[Dataset extract — start]

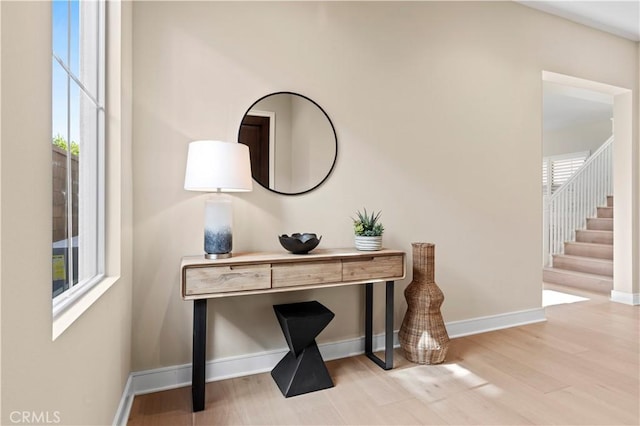 interior space with a healthy amount of sunlight, baseboards, and wood finished floors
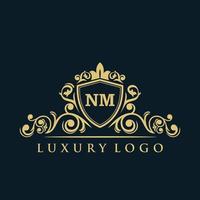 Letter NM logo with Luxury Gold Shield. Elegance logo vector template.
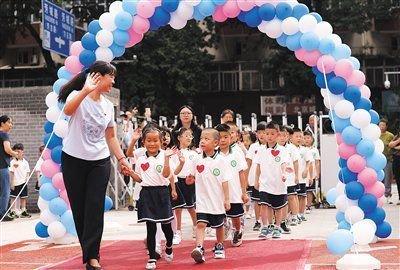 9月1日，方庄第二小学，新入学的一年级小学生穿过彩虹门步入校园。新京报记者 李木易 摄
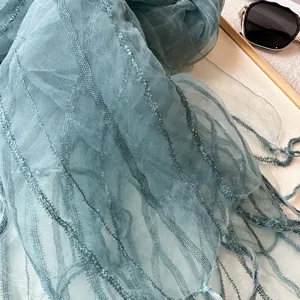 Lightweight organza fringe scarf with feather texture, blue-green spring summer accessory.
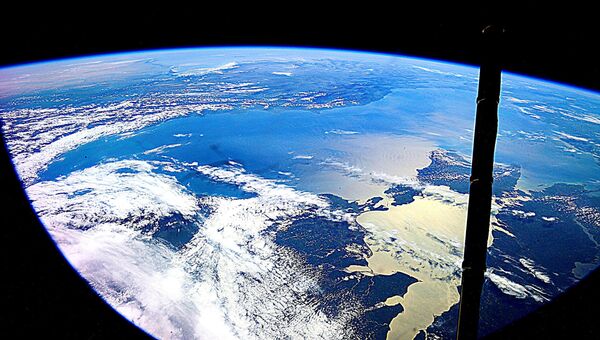 Вид земли из космоса глазами космонавта Роскосмоса Юрия Маленченко. Архивное фото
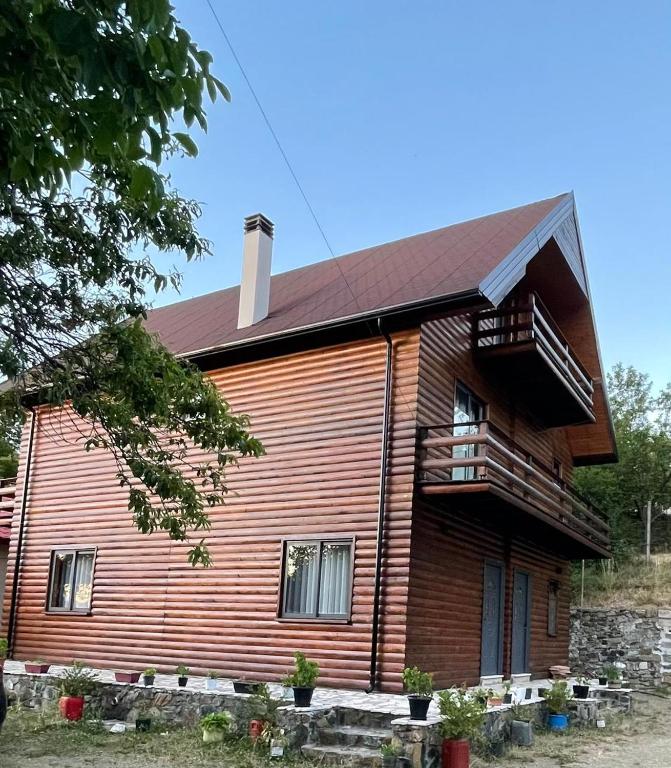 a large wooden house with a porch and a balcony at Mirjana Guesthouse in Pukë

[Dataset extract — finish]

▸ **Required work**
The result should be an exact retyped version of all the entries above, containing no pictures.

▸ **Solution to this exercise**
 interior space with a healthy amount of sunlight, baseboards, and wood finished floors
 Letter NM logo with Luxury Gold Shield. Elegance logo vector template.
 9月1日，方庄第二小学，新入学的一年级小学生穿过彩虹门步入校园。新京报记者 李木易 摄
 Lightweight organza fringe scarf with feather texture, blue-green spring summer accessory.
 Вид земли из космоса глазами космонавта Роскосмоса Юрия Маленченко. Архивное фото
 a large wooden house with a porch and a balcony at Mirjana Guesthouse in Pukë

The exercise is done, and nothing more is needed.